Hace unos días pude escuchar en EncuentroMadrid al filósofo francés Fabrice Hadjadj una preciosa reflexión sobre la relación entre la paternidad, el trabajo y la esperanza. ¿Por qué dar la vida a un mortal sabiendo que el futuro es incierto, que puede ser infeliz, que tal vez se convierta en malvado…? A diferencia de los animales, los humanos necesitamos una razón para dar la vida. «¿Por qué tengo hijos?», se preguntó Hadjadj. Porque, aunque todo fuera destruido, existe la perspectiva de la vida eterna, del Reino de Dios, y aunque nuestros trabajos pueden parecernos vanos porque los acecha la muerte, los gestos de amor tienen un valor eterno.
Este intelectual de familia judía originaria de Túnez, converso al catolicismo tras su inmersión en la escuela republicana y en el clima familiar de extrema izquierda, afirma la necesidad de «mirar al cielo sin huir de la tierra», porque estamos llamados (desde Adán y Eva) a obrar en esta tierra, a cultivarla, a cuidar la vida. «Aunque parezca que estamos en un callejón sin salida, aunque parezca que nos vamos a ahogar, tengo hijos porque creo en el Reino, y la historia se puede siempre reabrir… quizás uno de esos hijos puede abrir un camino, como hizo Moisés en el mar Rojo, para que el pueblo pasara sin mojarse».
En el lenguaje de la tradición cristiana, esto se llama «esperanza». Como decía el gran poeta Charles Péguy, la esperanza es como una niña cogida de la mano de sus hermanas mayores, la fe y la caridad. La esperanza articula el cielo y la tierra, permite, por un lado, no huir de este mundo pese a todos los desastres del pasado y las incertidumbres del futuro, y por otro, trabajar con la perspectiva de la eternidad.

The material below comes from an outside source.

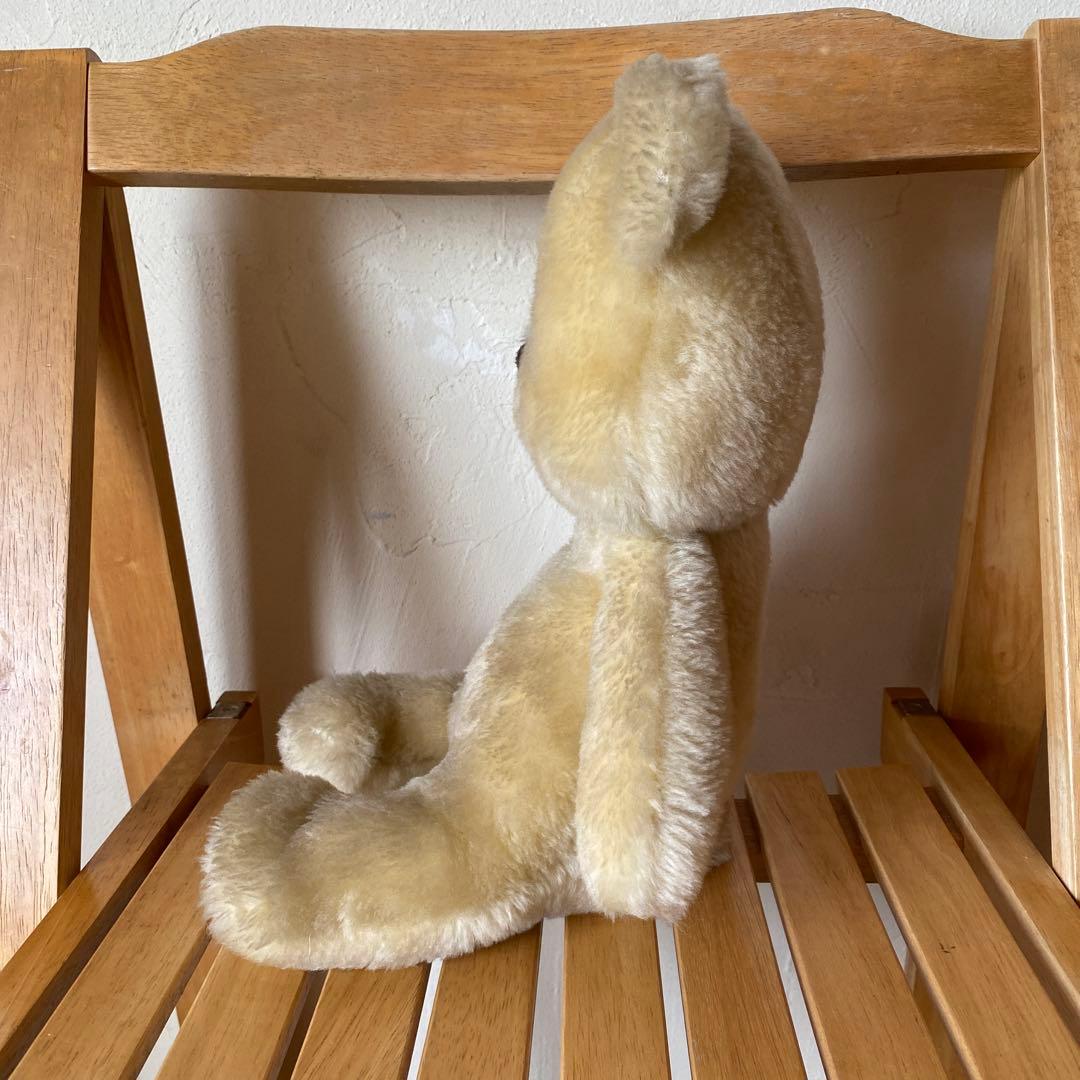 Frederic Pretze Boo 貝戸由希さ んFredericくまのBOOフレデリック 貝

Por eso la esperanza es como una juventud que no se agota. Nuestros análisis y las circunstancias pueden ofrecer muchos motivos para el desaliento, pero frente a quienes se dan a la fuga de tantas formas, los cristianos seguimos construyendo. De nuevo Hadjadj: «Aunque mañana muramos, trabajamos, tenemos hijos… porque la vida eterna está ante nuestros ojos». Quizás es otra forma de decir que los cristianos somos, pese a todo, la sal de la tierra.